Jesus did it, so we have to as well.
Some logical reasoning is always helpful:
1) Jesus in Mark 16:15 said that those who believe and are baptized will be saved; those who don't believer (and consequently aren't baptized) won't be saved. In the great commission of Matthew 28:19 Jesus said to go and make disciples. How? By baptizing people and teaching them to obey commandments. That's right...obedience is required.
2) On Pentecost (Acts 2:38) Peter told people to repent and be baptized (not or be baptized) for (eis = into or unto) the forgiven of their sins. Now look at Acts 2:47 - Luke says that there were about 3000 people that day who received Peter's word (believed and decided to change their line of thinking), were baptized, and were added to the Lord's church that day.
3) Other examples of conversion found in Acts all involve baptism: Ethiopian Eunuch in Acts 8; Cornelius in Acts 10; Lydia and her family in Acts 16; Philippian jailor and his family (Acts 16:31-33); Saul in Acts 16:22, etc.
4) Baptism is immersion in water. It means to plunge or dip. Romans 6:1-4ff shows that is a re-enactment of Christ's death, burial, and resurrection whereby our old body of sin dies and is buried with Christ so we walk with Him in a new life.
Salvation is a free gift from God by His grace (Eph 2:8). Thru faith we obey the command to be baptized to receive the gift. We get into Christ - Galatians 3:27 - and have a clear conscience toward God.

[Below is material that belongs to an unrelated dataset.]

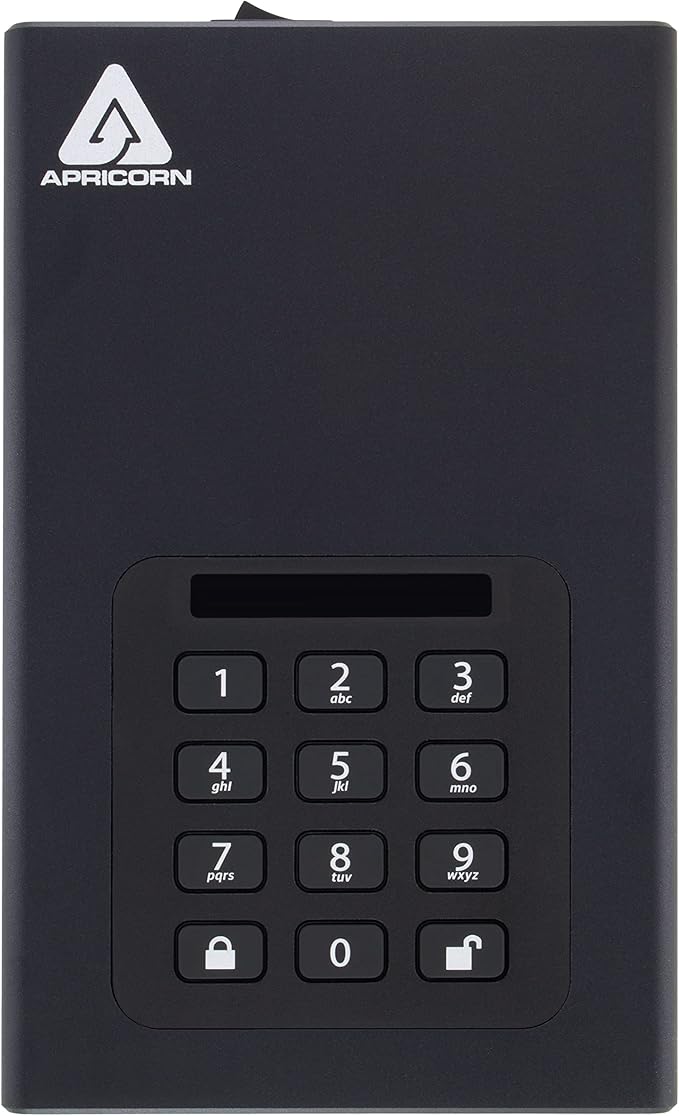 Apricorn 12TB Aegis Padlock DT 256-Bit Encrypted USB 3.0 Hard Drive (ADT-3PL256-12TB)
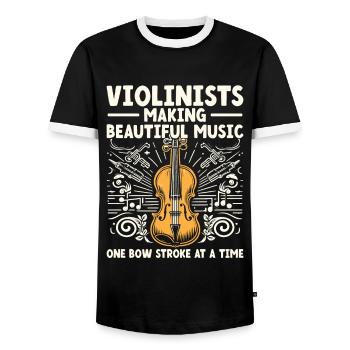 Violonistes faisant de la belle musique Un coup d’archet A - T-shirt contrasté Homme - noir/blanc - Devant - AI Model Female 172 light (172cm) & AI Model Male 178 light (178cm)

I Pet 3:21 - baptism now saves you. Why do we resist God's commands?
I am just going to answer by not quoting any particular verse in scripture, but by relating an event and also for it to act as a question to those attempting to explain the issue of baptism.
Jesus the son of God went through the motion/act of being baptsised and then a voice was heard from Heaven declaring and acknowledging this act.
Then the question arises here on the validity of baptism. God and his Son approved of this act and clearly demonstrated it to everyone.
I would rather be baptised with all the water available so as to hear and experience the opening of the heavens - declaring and acknowledging my baptism act. I am sure we would all love to act as Christ did. Let us not be too caught up on theological confusion, but should go through the motions as Jesus did and hope to hear the miraculous validating voice.
My opinion is, we should be baptized, if, at all possible.
Why? Because, we are followers of Jesus. We are not greater than Jesus. If Jesus was baptized then we should also be baptized!
Now, if we are hanging on a cross, being baptized would be difficult.
So, can we be saved without being baptized? Yes. Especially if Jesus is hanging right next to us!
But, if we are to call Jesus Lord, Lord of our lives, Lord of our future, then we should be baptized. Jesus was baptized, and He was much greater than we are. If it was good enough for my Lord, it is good enough for me.
Well, I do not think I want to be baptized. After all, the thief in the cross was not baptized.
Do we really want to challenge God? I think we would lose.